→ **PROBLEM DETAILS**
First find the line with "リビングタウンいせD 2DKの間取図画像", then reproduce it and all following lines of the data to the end, exactly and with no pictures, adding nothing.

→ **SUPPLIED ENTRIES**
:::::

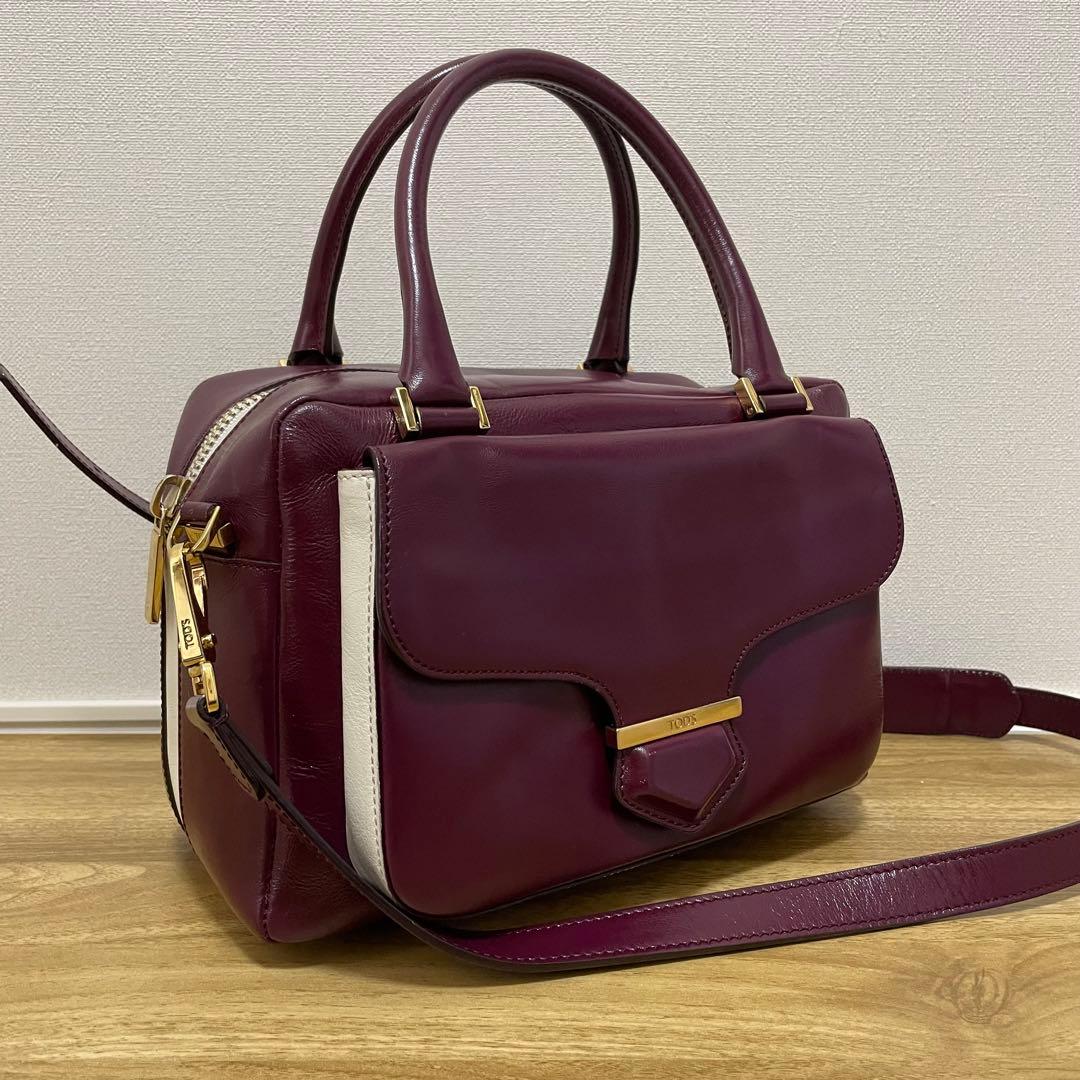 《極美品》TOD’S （トッズ）レザー ハンドバッグ パープル系
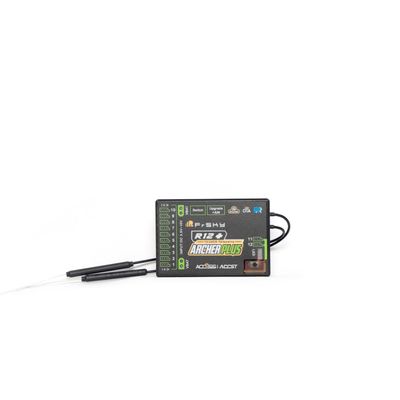 FrSky Archer Plus R12+ RC Receiver, 2.4GHz 12 Configurable Channel Ports Support Access & ACCST D16 Mode, Dual XT30 Power Input with Built-in Power Switch & Black-Box Function for RC Airplane Glider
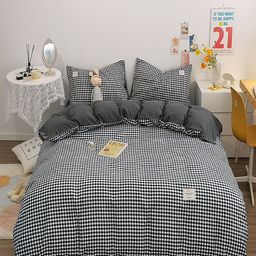 JC HOME White & Black 4 Pieces Double Extra Large Checked Bedding Set-picture-10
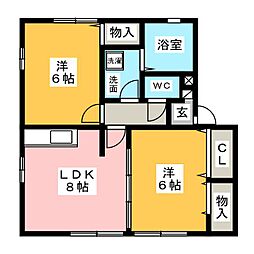 リビングタウンいせD 2DKの間取図画像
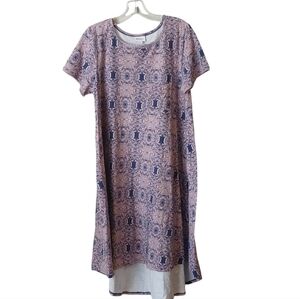 LuLaRoe Pink and Blue Patterned Carly Dress Size Medium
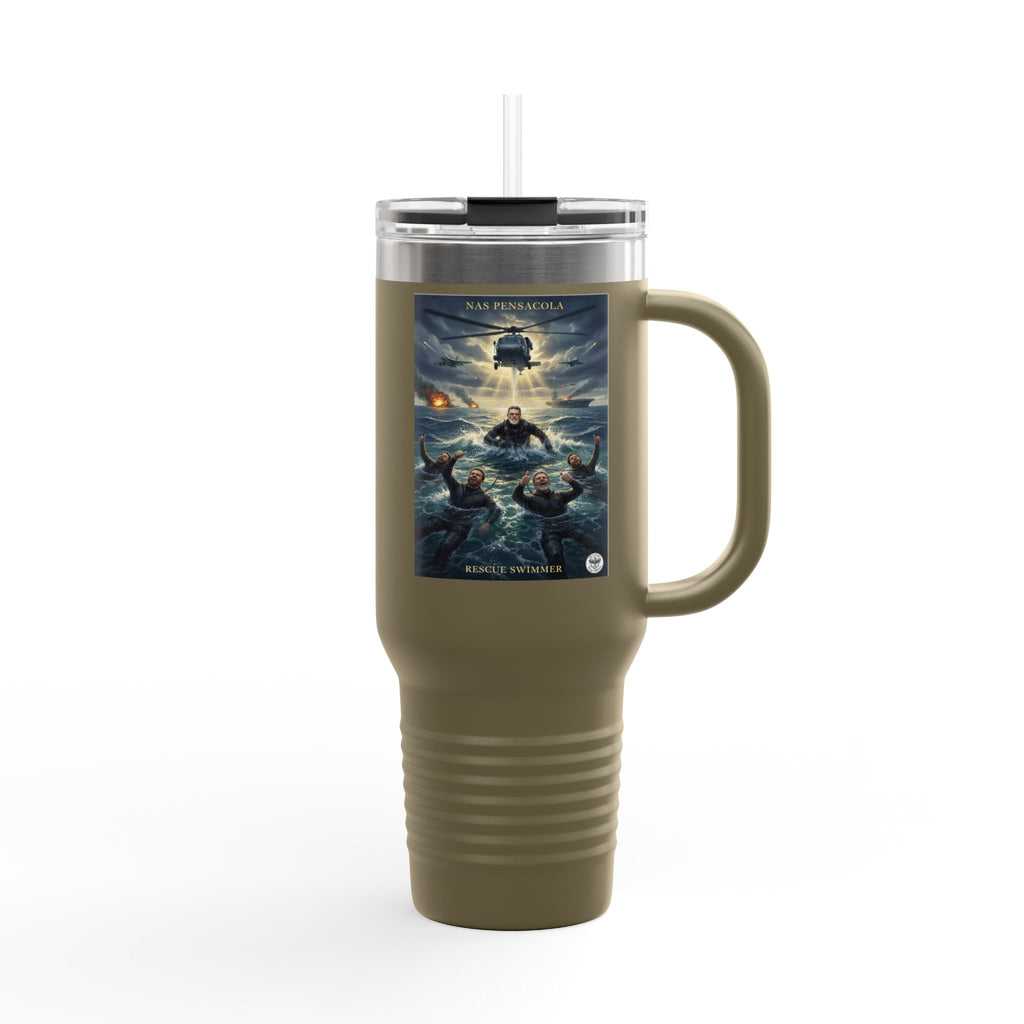 40oz Insulated Travel Mug — Ocean Storm Fantasy Art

:::::

→ **YOUR RESPONSE**
 リビングタウンいせD 2DKの間取図画像
 LuLaRoe Pink and Blue Patterned Carly Dress Size Medium
 40oz Insulated Travel Mug — Ocean Storm Fantasy Art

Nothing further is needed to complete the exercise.